BPS Sebut Produksi Beras Surplus, Pengamat dan Praktisi Minta Bulog Lakukan Penyerapan
BPS memperkirakan Indonesia akan mengalami surplus beras akibat panen raya petani yang terjadi sejak Januari hingga April 2024.
BPS memperkirakan Indonesia akan mengalami surplus beras akibat panen raya petani yang terjadi sejak Januari hingga April 2024.
BPS Sebut Produksi Beras Surplus, Pengamat dan Praktisi Minta Bulog Lakukan Penyerapan
Badan Pusat Statistik (BPS) memperkirakan Indonesia akan mengalami banjir produksi alias surplus beras akibat panen raya petani yang terjadi sejak Januari hingga April 2024. Dengan demikian, Indonesia tidak perlu impor mengingat produksi dalam negeri masih mencukupi.

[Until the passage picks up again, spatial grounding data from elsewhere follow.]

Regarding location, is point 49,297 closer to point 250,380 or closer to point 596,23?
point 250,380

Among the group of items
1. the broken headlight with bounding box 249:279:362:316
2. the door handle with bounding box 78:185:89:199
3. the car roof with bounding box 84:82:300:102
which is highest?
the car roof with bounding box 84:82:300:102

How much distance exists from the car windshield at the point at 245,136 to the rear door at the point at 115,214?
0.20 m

Plt. Kepala BPS, Amalia Adininggar Widyasanti dalam Rapat Koordinasi Pengendalian Inflasi Daerah Tahun 2024, mengatakan bahwa pada Januari-April 2024, Indonesia berpotensi surplus beras sebanyak 850 ribu ton dan di bulan Mei 2024 mencapai 620 ribu ton.
"Terkait potensi surplus beras, terlihat bahwa Januari-April 2024, kita akan mengalami surplus beras, bahkan juga di bulan Mei," kata Amalia, Senin, 29 April 2024.

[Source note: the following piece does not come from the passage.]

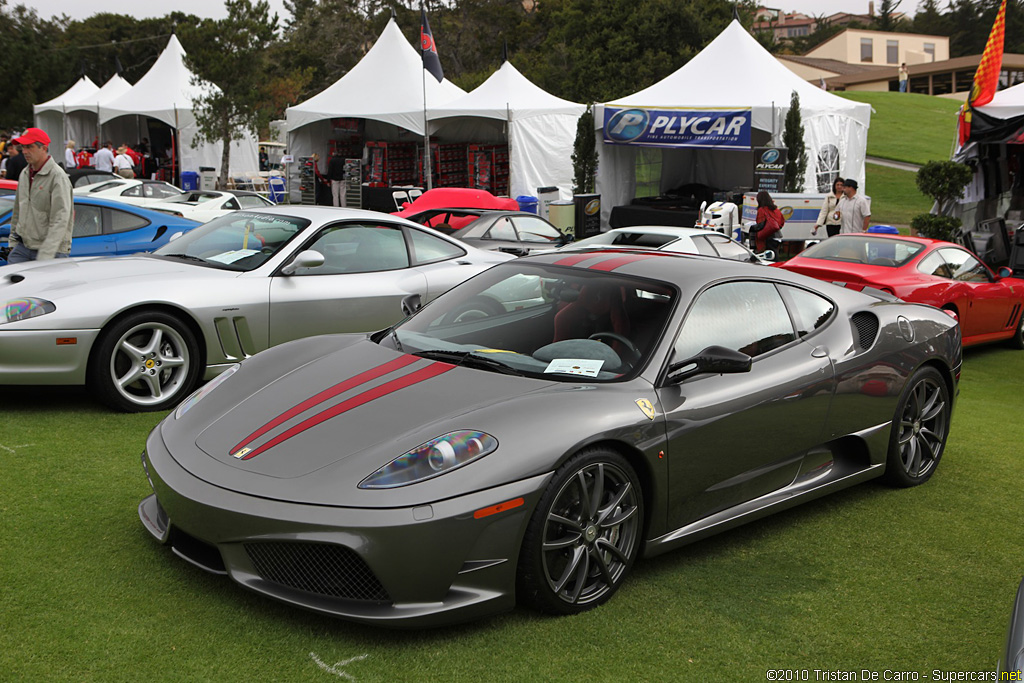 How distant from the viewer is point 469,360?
158 inches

Hanya saja, Menurut Amalia, catatan BPS memproyeksikan adanya potensi defisit sekitar 450.000 ton. Namun perhitungan ini belum memperhitungkan impor dam hanya mengacu pada data produksi dan konsumsi domestik yang dilakukan melalui Fase Standing Crops maupun amatan KSA Maret 2024.
Amalia mengatakan jika mengacu pada data BPS 2023 dan 2022 di bulan Maret, produksi saat itu masing-masing hanya 8,92 juta ton gabah kering giling (GKG) dan turun 954 juta ton GKG pada 2023.
Sementara untuk produksi bulan Maret tahun 2024 tercatat mencapai 5,87 juta ton GKG, dengan luas panen hanya 1,11 juta hektare. Amalia memastikan peningkatan produksi beras tahun ini sebabkan oleh pergeseran tanam dan panen akibat cuaca buruk el nino.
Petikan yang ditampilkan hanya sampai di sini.